Data block:
________________________________________

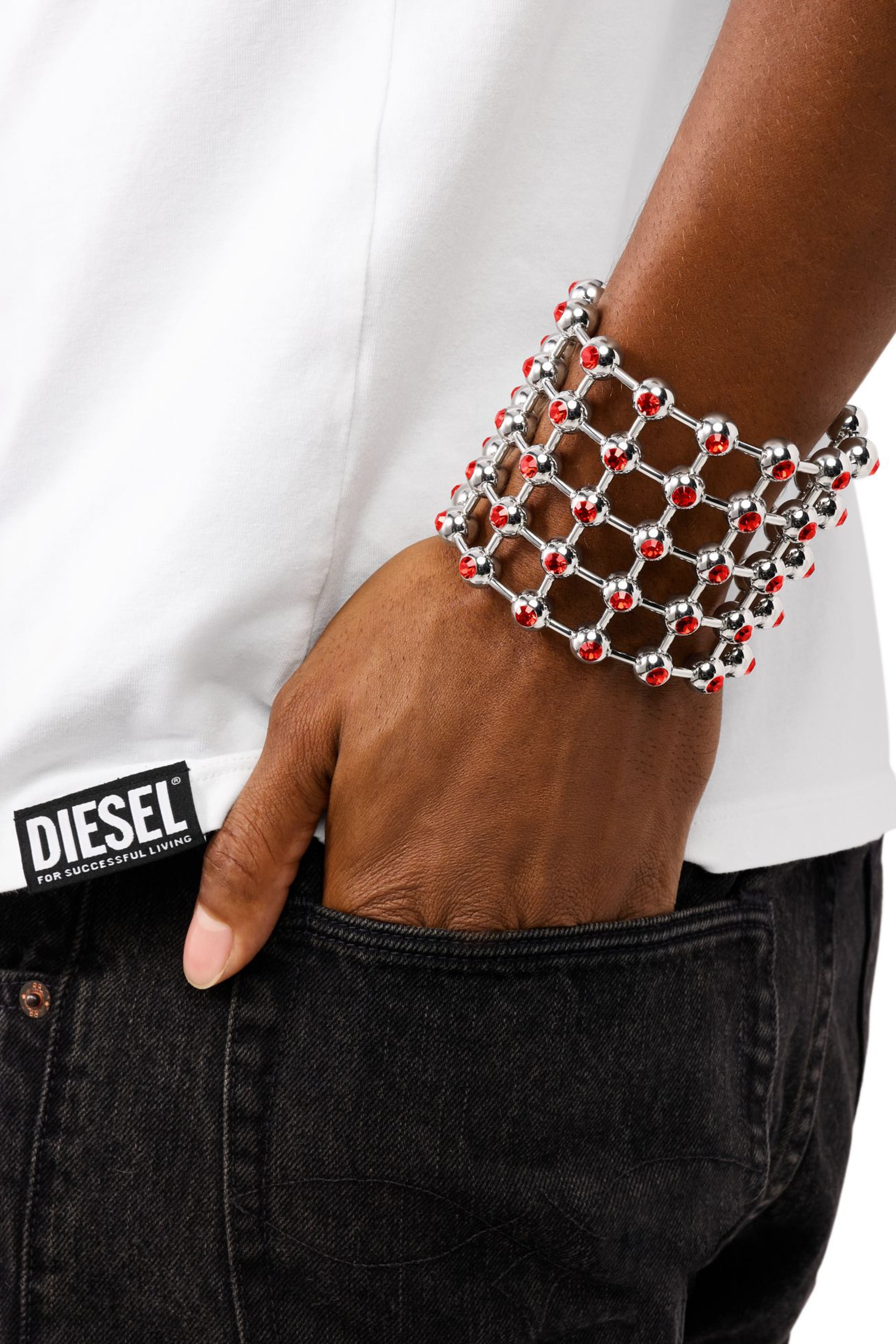 Diesel - DX1559040 JEWEL, Unisex's Stainless Steel Cuff Bracelet in シルバー/ブルー - 2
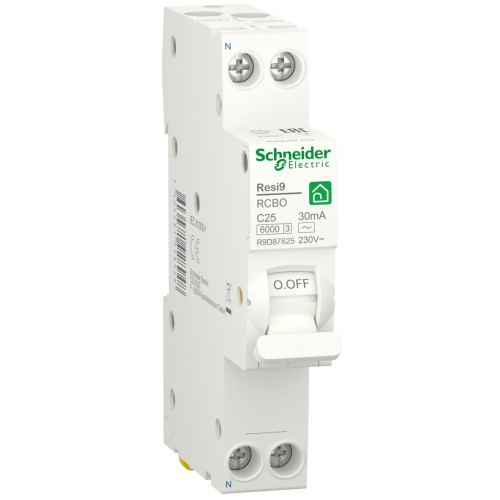 Дифференциальный автомат 6kA 1M 1P+N 25A C 30mA АC, Resi9 Schneider Electric R9D87625 – защита электросети от утечек тока, перегрузок и коротких замыканий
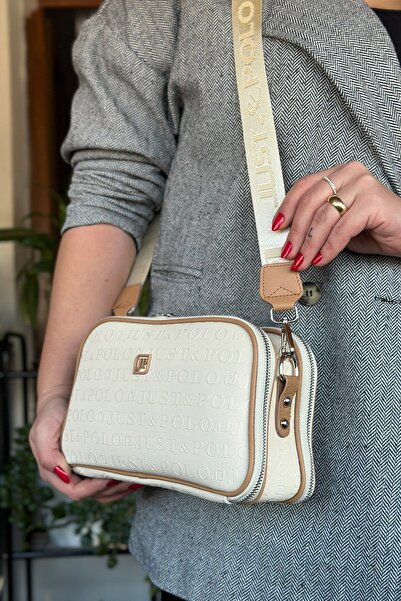 Just Polo حقيبة كتف نسائية من الجلد النباتي الفاخر متعددة الأقسام 4023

________________________________________

What is needed: With the pictures removed, return the full listing exactly as given.

Answer to this exercise:
 Diesel - DX1559040 JEWEL, Unisex's Stainless Steel Cuff Bracelet in シルバー/ブルー - 2
 Дифференциальный автомат 6kA 1M 1P+N 25A C 30mA АC, Resi9 Schneider Electric R9D87625 – защита электросети от утечек тока, перегрузок и коротких замыканий
 Just Polo حقيبة كتف نسائية من الجلد النباتي الفاخر متعددة الأقسام 4023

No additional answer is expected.